Art needs higher profile in city, say residents

Nanaimo should to make arts more visible within the community, according to some residents of the city.

The City of Nanaimo’s newly formed Culture and Heritage Department held its first open house of the year on Jan. 29 at the Nanaimo Art Gallery. The department displayed its most recent cultural plan and invited members to get to know staff and voice their opinions. Nanaimo resident Melanie Godel said she wants the City of Nanaimo to make art more noticeable within the community.

“Make the arts more visible in Nanaimo. Public arts and public events to showcase that art ... seeing people come together to celebrate it,” Godel said.

Willow Friday, owner of Iron Oxide Art Supplies, echoed similar thoughts.

“I would like to see more visual art happening in the moment outside, in the streets,” Friday said.

The department was created last November as part of a restructuring effort by city council. Culture and Heritage coordinator Chris Barfoot said the four-person department is putting the finishing touches on a new culture plan for the City of Nanaimo, which they hope to present to council on March 1.

“First of all, we want it to go to council and be recognized and adopted by council,” he said. “Our department is new and it is something that has never been done before.”

The culture plan was created in four phases and began in early 2012. With the help of public consultation, the plan lays out short- and long-term goals of the department.

“The culture plan really speaks to all the wonderful things that are happening in Nanaimo and what we can do as a department to either help those groups collaborate and really work with the resources that they have and share those resources,” Barfoot said.

Some of the purposes of the cultural plan include determining a clear vision for culture within the city as well as supporting and encouraging community wellness, cultural awareness and active living.
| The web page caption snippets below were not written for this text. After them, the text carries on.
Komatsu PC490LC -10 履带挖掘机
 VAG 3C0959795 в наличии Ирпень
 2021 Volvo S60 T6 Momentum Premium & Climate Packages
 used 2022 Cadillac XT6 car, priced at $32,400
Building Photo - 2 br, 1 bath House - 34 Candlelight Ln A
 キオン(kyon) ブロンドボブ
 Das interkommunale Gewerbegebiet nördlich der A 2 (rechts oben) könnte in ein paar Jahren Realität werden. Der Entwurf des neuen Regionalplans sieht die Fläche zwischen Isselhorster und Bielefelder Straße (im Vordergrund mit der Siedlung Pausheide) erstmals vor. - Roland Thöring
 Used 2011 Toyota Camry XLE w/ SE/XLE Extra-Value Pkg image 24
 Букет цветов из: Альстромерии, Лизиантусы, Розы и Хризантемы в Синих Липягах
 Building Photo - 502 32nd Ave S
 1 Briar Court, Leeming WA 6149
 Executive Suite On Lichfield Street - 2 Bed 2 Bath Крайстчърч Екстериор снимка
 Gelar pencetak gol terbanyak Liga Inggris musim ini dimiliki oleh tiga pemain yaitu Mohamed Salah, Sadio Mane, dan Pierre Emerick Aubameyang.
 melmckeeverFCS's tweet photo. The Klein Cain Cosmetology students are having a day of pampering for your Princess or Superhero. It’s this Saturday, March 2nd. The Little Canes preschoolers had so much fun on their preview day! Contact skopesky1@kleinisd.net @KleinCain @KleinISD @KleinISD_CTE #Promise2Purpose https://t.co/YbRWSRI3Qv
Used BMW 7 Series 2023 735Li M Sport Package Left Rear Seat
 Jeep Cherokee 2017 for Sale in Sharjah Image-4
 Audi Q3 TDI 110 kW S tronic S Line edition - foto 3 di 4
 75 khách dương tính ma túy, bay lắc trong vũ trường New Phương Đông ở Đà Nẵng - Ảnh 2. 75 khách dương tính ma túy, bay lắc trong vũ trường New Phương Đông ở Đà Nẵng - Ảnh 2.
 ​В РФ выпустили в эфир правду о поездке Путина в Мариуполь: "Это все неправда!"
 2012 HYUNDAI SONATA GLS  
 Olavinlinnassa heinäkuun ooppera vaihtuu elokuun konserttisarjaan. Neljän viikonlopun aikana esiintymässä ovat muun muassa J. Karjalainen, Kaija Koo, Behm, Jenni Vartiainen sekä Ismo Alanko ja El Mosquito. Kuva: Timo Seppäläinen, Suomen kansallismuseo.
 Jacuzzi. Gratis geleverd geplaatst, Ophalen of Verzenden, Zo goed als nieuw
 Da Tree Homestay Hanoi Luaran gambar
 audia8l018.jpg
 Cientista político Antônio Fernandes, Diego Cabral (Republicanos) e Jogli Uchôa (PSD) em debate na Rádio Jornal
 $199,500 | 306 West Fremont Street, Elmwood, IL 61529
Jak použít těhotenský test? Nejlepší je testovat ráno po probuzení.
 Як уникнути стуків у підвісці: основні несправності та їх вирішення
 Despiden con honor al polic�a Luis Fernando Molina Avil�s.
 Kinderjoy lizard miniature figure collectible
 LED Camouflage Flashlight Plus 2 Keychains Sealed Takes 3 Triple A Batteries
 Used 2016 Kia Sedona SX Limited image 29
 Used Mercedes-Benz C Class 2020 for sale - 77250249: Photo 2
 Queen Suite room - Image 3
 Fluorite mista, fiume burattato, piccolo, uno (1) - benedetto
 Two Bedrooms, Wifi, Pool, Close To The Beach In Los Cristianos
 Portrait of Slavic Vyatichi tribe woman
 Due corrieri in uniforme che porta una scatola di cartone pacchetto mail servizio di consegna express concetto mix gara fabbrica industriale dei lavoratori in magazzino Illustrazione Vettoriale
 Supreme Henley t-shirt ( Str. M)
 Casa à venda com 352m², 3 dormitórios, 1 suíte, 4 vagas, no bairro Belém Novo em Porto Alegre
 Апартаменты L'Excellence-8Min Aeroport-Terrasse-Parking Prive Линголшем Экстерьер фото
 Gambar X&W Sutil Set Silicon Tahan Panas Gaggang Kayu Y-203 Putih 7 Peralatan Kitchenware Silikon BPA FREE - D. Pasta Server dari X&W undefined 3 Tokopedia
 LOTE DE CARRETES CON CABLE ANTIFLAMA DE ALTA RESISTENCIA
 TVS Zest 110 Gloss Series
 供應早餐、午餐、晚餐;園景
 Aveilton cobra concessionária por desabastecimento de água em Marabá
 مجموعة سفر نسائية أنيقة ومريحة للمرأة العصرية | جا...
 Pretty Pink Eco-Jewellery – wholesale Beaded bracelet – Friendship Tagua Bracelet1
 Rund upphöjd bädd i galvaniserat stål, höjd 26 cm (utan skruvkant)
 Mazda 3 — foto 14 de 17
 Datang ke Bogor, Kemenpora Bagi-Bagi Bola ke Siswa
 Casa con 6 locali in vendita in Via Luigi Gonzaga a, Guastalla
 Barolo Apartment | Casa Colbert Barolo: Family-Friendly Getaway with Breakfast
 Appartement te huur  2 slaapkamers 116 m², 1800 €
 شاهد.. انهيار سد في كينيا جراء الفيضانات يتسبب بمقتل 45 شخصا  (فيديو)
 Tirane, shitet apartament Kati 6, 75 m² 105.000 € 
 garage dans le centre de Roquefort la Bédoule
The plan also calls for more public art, small-scale performance venues, public spaces in the north end and an expansion of the Port Theatre.

“Our goal is no matter what we do in the city, whether it be planning, whether it be development, that it is looked at through that culture and heritage lens,” Barfoot said.

Another area that the department focused heavily on is collaboration between artists within the region.

“I think the thing that we’ve struggled with and that this plan really speaks to is the connectivity and that collaboration ... connecting Gabriola to Nanaimo, making them feel a part of the community and making the people that live here feel a part of the community and feel proud to be here.

“The big one for us is the collaboration to enhance the quality of life,” he said. “Looking at everything through a cultural lens.”

Despite her concerns about the lack of visual art in Nanaimo, Godel agrees with the culture and heritage plan, which encourages all members of the artistic community to collaborate together with the city.

“I definitely agree with what they’re doing because a huge part of the arts is bringing artistic people together and really showcasing what they have to offer,” Godel said. “Once that is actually visible for the community, people will think, ‘OK, this is an artistic community’ instead of just the artistic people knowing that it is an artistic community.”